For the first question, I expect a function with enough oscillation will accomplish this goal. And perhaps something as simple as $\bar{\epsilon}\sin(\bar{n}x)$ for appropriate $\bar{\epsilon}$ that depends on $\epsilon$ and $\bar{n}$ depending on $n$.
 A: First, a comment: your thinking is kind of backwards.  Since $P_n$ is closed in $C[a,b]$, any continuous function $f$ that is not a polynomial of degree $\leq n$ is the example you seek, for appropriate $\epsilon$.  If you want $\epsilon$ to be given ahead of time, that just means you have to scale up $f$ to fit your $\epsilon$.  In other words, you just need to find an explicit lower bound for $\inf_{p\in P_n}\|p-f\|_\infty$ so you know how much you need to scale $f$ by to turn the lower bound into $\epsilon$.
One simple way to find such an explicit bound is using the $L^2$ norm.  Given any $f\in L^2[a,b]$, you can compute the projection $g$ of $f$ onto the orthogonal complement of $P_n$ using Gram-Schmidt (and $g$ will be nonzero unless $f\in P_n$).  We then know that $$\|p-f\|_2\geq\|g\|_2$$ for any $p\in P_n$.  Converting this into the sup norm, we see that $$\|p-f\|_\infty\geq(b-a)^{-1/2}\|g\|_2$$ for all $p\in P_n$.  By scaling $f$ we can change the constant on the right side of this inequality to be anything you want (since $g$ scales in proportion to $f$).
In particular, if you start with $f(x)=x^{n+1}$, this gives an algorithm to explicitly compute a positive lower bound for $\|f-p\|_\infty$ for all $p\in P_n$.
A: A Broad Hint, but not a complete answer
Suggestions: 


*

*Simplify to $a = 0, b = 1$, or $a = -1, b = 1$ to make the notation nicer. 

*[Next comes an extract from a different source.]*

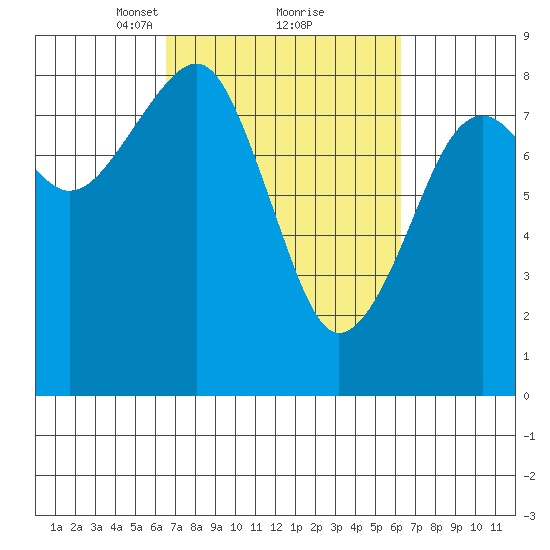 Markham tide chart for Saturday, March 12, 2022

*You might want to look at something like $f(x) = (x-a)^{n+1}$. Degree-$n$ polynomials won't be able to fit this very well. There'll be some minimum value $h$ of $u(p) = \max_{x \in [a,b]} |f(x) - p(x)|$ over all $p \in P_n$. To get $h > \epsilon$, multiply my $f$ by $\frac{\epsilon}{h}$.
Let's do that explicitly for $n = 0$. Pick $a = 0, b = 1$. So 
$$
f(x) = x.
$$
Approximating with with $p_c(x) = c$ in $P_0$ gives a min error of at least $1/2$ for every choice of $c$. So to make the error larger than epsilon, multiply $f$ by $\frac{\epsilon}{\frac12 \epsilon}$ to get
$$
f_\epsilon = 2\epsilon x.
$$
Of course, the minimization is messier as $n$ grows, but I'll bet that if you do the cases $n = 1, 2$, you'll start to get a general answer.